The cleaning code requires DELF library (install instructions).
Prepare FishNet pretrained checkpoints first.
- Download the checkpoint of FishNet-150 from https://www.dropbox.com/s/ajy9p6f97y45f1r/fishnet150_ckpt_welltrained.tar?dl=0
- Place the checkpoint
src/FishNet/checkpoints/
- Execute src/FishNet/fix_checkpoint.py
Following commands are for reproducing our results.
cd ./experiments/
bash donwload_train.sh # download data
bash setup.sh # setup data to ready training
bash reproduce.sh # train models and predict for reproducing
python submit_retrieval.py # for retrieval challenge
python submit_recognition.py # for retrieval challenge
Model training and inference are done in experiments/
directory.
# train models by various parameter settings with 4 gpus (each training is done with 2 gpus).
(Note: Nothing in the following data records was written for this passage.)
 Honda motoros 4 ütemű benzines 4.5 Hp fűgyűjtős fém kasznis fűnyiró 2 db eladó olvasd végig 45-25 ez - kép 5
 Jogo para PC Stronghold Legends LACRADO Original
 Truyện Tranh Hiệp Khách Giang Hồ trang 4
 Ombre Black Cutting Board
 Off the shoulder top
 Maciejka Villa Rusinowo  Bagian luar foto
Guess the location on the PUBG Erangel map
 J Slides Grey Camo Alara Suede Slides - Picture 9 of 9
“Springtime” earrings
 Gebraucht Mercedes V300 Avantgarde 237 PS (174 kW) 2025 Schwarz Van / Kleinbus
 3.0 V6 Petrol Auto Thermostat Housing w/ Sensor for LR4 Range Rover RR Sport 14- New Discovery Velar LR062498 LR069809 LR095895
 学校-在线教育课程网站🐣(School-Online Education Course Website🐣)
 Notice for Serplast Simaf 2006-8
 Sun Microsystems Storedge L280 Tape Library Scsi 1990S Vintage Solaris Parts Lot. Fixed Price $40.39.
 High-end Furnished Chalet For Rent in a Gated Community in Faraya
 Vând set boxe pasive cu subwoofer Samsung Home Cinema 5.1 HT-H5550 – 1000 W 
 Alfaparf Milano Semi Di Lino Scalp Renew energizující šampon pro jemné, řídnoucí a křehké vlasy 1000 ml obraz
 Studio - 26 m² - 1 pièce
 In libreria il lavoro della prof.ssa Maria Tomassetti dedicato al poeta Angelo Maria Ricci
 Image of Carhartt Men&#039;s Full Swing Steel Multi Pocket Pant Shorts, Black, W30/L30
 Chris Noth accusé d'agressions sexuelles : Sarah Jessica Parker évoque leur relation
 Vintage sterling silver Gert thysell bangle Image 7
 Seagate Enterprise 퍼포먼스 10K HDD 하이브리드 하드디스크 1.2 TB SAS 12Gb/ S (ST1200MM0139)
python vX.py tuning -d 0,1,2,3 --n-gpu 2
# predict
python vX.py predict -m vX/epX.pth -d 0
# predict with multiple gpus
python vX.py multigpu-predict -m vX/epX.pth --scale L2 --ms -b 32 -d 0,1
- Comparison among loss functions with a ResNet-101. Dataset used for training is GLD-v1. For evaluation, GLD-v2, ROxford-5K, and RParis-6K are used. LB shows the Private LB scores.
loss | LB | ROxf (M) | ROxf (H) | RPar (M) | RPar (H) |
---|---|---|---|---|---|
softmax | 17.95 | 66.73 | 43.5 | 79.25 | 58.58 |
contrastive | 20 | 67.3 | 44.3 | 80.6 | 61.5 |
cosface | 21.35 | 69.49 | 44.78 | 80.06 | 62.95 |
arcface | 20.74 | 69.04 | 46.25 | 82.35 | 66.62 |
- Comparison with dataset used for training. ArcFace and ResNet-101 are used for this experiment. By using the clean version of the GLD-v2, we can obtain better results compared to GLD-v2 without cleaning.
Dataset | LB | ROxf (M) | ROxf (H) | RPar (M) | RPar (H) |
---|---|---|---|---|---|
v1 | 20.74 | 69.04 | 46.25 | 82.35 | 66.62 |
v1 + v2 | 29.2 | 77 | 56.59 | 89.25 | 77.35 |
v1 + v2-clean | 30.22 | 78.86 | 59.93 | 88.84 | 77.82 |
- Our re-ranking method is much better than other recent re-ranking methods, and can be combined with the others for even higher scores. A combination of ours and αQE achieves a competitive result to the score of 1st place with only a single model.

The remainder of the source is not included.